Corporation Tax rates
| Profit level | Rate |
|---|---|
| Up to £50,000 | 19% (small profits rate) |
| £50,001 to £250,000 | Marginal rate |
| Above £250,000 | 25% (main rate) |
If you have associated companies, the £50,000 and £250,000 thresholds are divided by the number of associated companies plus one. Most accounting software calculates the marginal relief automatically.

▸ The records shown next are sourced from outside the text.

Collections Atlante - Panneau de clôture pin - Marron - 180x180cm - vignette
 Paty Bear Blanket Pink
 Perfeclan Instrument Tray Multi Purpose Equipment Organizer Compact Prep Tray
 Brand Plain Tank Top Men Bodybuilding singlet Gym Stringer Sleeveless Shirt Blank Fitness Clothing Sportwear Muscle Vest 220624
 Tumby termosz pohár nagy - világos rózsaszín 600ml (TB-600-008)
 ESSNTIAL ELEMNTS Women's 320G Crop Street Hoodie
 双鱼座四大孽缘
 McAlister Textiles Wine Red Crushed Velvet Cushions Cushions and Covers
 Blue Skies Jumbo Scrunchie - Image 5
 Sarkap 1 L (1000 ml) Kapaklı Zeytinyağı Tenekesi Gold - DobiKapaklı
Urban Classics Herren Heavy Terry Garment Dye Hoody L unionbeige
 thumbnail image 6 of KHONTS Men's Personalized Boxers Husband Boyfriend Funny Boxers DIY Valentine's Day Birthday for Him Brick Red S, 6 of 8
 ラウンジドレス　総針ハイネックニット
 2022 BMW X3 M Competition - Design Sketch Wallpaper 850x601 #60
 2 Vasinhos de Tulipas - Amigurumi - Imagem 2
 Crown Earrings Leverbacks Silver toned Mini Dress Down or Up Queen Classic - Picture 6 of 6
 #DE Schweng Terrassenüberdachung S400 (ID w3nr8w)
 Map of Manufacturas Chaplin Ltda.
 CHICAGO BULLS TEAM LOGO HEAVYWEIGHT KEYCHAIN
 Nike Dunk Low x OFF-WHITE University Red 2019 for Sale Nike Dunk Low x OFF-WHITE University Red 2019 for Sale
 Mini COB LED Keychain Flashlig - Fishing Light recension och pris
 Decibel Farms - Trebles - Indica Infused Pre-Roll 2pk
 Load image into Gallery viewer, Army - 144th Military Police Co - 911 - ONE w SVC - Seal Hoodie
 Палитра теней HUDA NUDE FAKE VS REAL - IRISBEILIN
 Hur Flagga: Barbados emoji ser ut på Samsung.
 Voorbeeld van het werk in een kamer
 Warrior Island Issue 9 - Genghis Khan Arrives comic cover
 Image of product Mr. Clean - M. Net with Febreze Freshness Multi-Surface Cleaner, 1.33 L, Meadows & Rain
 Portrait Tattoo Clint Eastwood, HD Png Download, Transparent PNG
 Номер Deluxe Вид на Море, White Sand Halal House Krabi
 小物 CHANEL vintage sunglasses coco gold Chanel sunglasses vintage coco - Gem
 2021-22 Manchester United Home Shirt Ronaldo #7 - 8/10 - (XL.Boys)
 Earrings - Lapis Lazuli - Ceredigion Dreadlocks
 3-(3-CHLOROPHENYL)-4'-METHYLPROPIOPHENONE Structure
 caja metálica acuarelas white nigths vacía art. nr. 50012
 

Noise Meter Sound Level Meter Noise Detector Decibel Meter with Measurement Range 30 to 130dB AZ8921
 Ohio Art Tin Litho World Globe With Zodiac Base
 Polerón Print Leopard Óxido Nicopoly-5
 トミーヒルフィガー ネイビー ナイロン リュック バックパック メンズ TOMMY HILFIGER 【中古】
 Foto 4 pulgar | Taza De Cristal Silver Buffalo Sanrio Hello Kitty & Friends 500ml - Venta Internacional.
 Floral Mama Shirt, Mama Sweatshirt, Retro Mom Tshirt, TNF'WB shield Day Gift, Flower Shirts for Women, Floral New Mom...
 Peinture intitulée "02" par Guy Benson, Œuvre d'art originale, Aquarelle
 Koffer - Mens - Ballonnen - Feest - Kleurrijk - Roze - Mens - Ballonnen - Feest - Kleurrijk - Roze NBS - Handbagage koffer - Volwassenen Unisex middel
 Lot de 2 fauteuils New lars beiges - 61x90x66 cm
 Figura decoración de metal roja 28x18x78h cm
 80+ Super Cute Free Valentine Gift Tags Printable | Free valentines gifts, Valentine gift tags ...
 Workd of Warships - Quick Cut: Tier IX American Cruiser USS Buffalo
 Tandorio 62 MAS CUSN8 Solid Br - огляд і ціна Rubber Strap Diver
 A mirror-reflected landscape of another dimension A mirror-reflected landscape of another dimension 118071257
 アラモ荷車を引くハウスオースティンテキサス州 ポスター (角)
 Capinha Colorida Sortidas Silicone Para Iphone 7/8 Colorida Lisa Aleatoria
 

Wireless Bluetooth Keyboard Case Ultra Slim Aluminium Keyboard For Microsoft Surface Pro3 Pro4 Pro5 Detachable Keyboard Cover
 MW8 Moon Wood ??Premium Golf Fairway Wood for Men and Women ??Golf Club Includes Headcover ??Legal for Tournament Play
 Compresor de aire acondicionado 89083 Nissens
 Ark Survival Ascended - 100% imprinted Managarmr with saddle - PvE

Adjustments: from accounting profit to taxable profit
The CT600 does not simply apply the tax rate to your accounting profit. You need to make adjustments to arrive at the taxable profit. The most common adjustments for small companies are:
Add back to profit
| Item | Why |
|---|---|
| Depreciation | Replaced by capital allowances for tax purposes |
| Entertaining clients | Not allowable for Corporation Tax |
| Fines and penalties | Not allowable |
| General bad debt provisions | Only specific bad debts are deductible |
| Legal costs relating to capital items | Capital, not revenue |
| Non-business proportion of motor expenses | Private use element |
| Donations to non-qualifying bodies | Only qualifying charitable donations are deductible |
Deduct from profit
| Item | Why |
|---|---|
| Capital allowances | Replaces depreciation |
| Trading losses brought forward | Relieves tax on current profits |
| Qualifying charitable donations | Deducted as charges on income |
| R&D additional deduction | If claiming R&D tax relief |
These adjustments are summarised in the Corporation Tax computation, which is filed as an attachment alongside the CT600.
Required attachments
The CT600 alone is not sufficient. You must also file:
| Attachment | Format | Purpose |
|---|---|---|
| Statutory accounts | iXBRL | Balance sheet, profit and loss, notes |
| Corporation Tax computation | iXBRL or PDF | Shows adjustments from accounting profit to taxable profit |
| Capital allowances computation | Included in CT computation | Details of each allowance claimed |
iXBRL (inline eXtensible Business Reporting Language) is a tagged data format that HMRC’s systems can read automatically. Most accounting and tax software generates iXBRL files. If you are preparing accounts manually, you will need a separate iXBRL tagging tool.
Filing the CT600
All CT600s must be filed electronically. You can either use HMRC’s online service (log in with Government Gateway, enter data manually and upload iXBRL files) or file directly through commercial accounting software, which is faster and reduces data entry errors.
Filing deadline
The CT600 must be filed within 12 months of the end of your accounting period. This is three months after the Corporation Tax payment deadline.
| Accounting period end | Payment deadline | Filing deadline |
|---|---|---|
| 31 March | 1 January following year | 31 March following year |
| 31 December | 1 October following year | 31 December following year |
Penalties for late filing
| Delay | Penalty |
|---|---|
| 1 day | £100 |
| 3 months | Additional £100 |
| 6 months | 10% of unpaid tax (HMRC estimate) |
| 12 months | Additional 10% of unpaid tax |
If your CT600 is late three consecutive times, the £100 penalties increase to £500 each.
Amending and special situations
You can amend a CT600 within 12 months of the filing deadline. After that, only HMRC can make changes through a discovery assessment. File the amendment through the same route you used for the original return.
If your company was dormant or had no trading activity, you must still file a CT600 if HMRC has issued a notice to file. The return will show zero turnover and zero tax, but it must still be filed with the iXBRL accounts attached. If HMRC has confirmed they will not issue notices, you do not need to submit until the company starts trading again.
If your first accounting period exceeds 12 months, you must file two CT600s – one for the first 12 months and one for the remaining period. Income and expenses must be apportioned between them.
After filing
Once HMRC processes your CT600, they may accept it, open an enquiry within 12 months, or issue a discovery assessment later. Keep all supporting records for at least six years after the end of the accounting period.